Dans un entretien accordé au Figaro ce lundi 19 juin, Richard Ferrand s’est exprimé pour la première fois depuis sa défaite aux législatives il y a un an. Le nom de l’ancien président de l’Assemblée nationale (2018-2022) est régulièrement cité pour remplacer Elisabeth Borne à Matignon.
Richard Ferrand n’a rien perdu de son goût pour les formules. A la question posée par le journaliste Arthur Berdah sur son aspiration à revenir au gouvernement, l’ancien député du Finistère répond : « je suis plutôt un vétéran qu’un aspirant ».
Plusieurs interprétations sont possibles. Soit son heure est passée, soit il ne ferme pas totalement la porte en faisant une telle pirouette . Il y a peu, dans une conversation privée, Richard Ferrand nous répondait : « j’ai allumé la lumière avec Emmanuel Macron ; si je reviens, ce sera pour éteindre la lumière avec lui » ; c’est-à-dire, en fin de quinquennat.
Mais au-delà du jeu des formules, l’ancien président de l’Assemblée nationale, est resté un conseiller important du chef de l’Etat. Et dans ce moment compliqué où Macron recherche une solution politique, Ferrand sort de son silence pour donner son point de vue.
Richard Ferrand plaide pour une « unité nationale » plutôt qu’un virage à droite
La position de Nicolas Sarkozy, qu’il a vendue à Emmanuel Macron, est simple : le pays a viré à droite donc il faut gouverner à droite. Il faut nommer un Premier ministre de droite.
Or, Richard Ferrand balaie cette idée : il y a besoin d’un moment d’ « unité nationale ». Et toutes les forces « républicaines » seraient bien inspirées d’y participer. Ceux qui se conteraient de préparer l’alternance dans quatre ans seront perdants s’ils refusent de participer dès aujourd’hui à l’apaisement et au redressement du pays.
Ce message est destiné aux Républicains (LR) et aux autres « forces réformistes », c’est-à-dire aux sociaux-démocrates.
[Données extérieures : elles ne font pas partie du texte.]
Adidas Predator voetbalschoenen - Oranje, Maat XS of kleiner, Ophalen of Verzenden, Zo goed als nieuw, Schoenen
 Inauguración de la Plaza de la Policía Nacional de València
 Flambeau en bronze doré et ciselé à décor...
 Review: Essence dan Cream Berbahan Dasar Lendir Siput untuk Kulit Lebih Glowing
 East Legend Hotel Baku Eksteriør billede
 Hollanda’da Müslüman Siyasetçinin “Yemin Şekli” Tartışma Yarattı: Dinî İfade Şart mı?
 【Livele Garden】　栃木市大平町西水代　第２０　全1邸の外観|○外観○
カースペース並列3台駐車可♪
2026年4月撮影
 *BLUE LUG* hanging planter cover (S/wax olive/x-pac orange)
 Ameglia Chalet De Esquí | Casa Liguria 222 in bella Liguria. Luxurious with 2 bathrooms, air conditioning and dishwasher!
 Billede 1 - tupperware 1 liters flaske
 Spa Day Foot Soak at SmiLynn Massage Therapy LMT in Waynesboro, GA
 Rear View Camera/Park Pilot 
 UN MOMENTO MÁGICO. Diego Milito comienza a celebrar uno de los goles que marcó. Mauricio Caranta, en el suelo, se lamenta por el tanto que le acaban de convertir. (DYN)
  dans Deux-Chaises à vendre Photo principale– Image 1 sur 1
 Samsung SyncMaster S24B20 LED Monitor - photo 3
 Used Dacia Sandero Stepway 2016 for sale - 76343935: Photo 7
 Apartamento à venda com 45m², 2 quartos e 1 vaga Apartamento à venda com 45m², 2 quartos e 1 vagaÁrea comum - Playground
Richard Ferrand n’imagine pas une coalition telle que la définit Sarkozy mais un élargissement de la Macronie à d’autres partenaires ou personnalités sur la base de « concessions réciproques ».
François Bayrou, un autre candidat crédible au poste de Premier ministre
François Bayrou est l’autre « vétéran », pour reprendre la formule de Richard Ferrand. En vertu de son soutien originel à Emmanuel Macron, le maire de Pau se sent gardien de l’esprit initial du macronisme. Et cet esprit initial, selon lui, c’est le dépassement du clivage gauche-droite.
Plus encore que Ferrand, il est vent debout contre une droitisation de la majorité, et, a fortiori, contre un gouvernement dirigé par quelqu’un venu de la droite. Invité du Grand Jury sur RTL, François Bayrou a répété ce discours. Comme Ferrand, il souhaite accueillir des personnalités venues de LR, mais à condition de s’inscrire dans le cadre d’un « socle central ».
Maintenir Elisabeth Borne, la meilleure solution pour Emmanuel Macron ?
Le Président de la République Emmanuel Macron est pris en étau et ses marges de manœuvre sont limitées. Il réfléchit et sa réflexion est loin d’être achevée. Pour rappel, Les Républicains ont confirmé ce week-end qu’ils ne voulaient pas de coalition.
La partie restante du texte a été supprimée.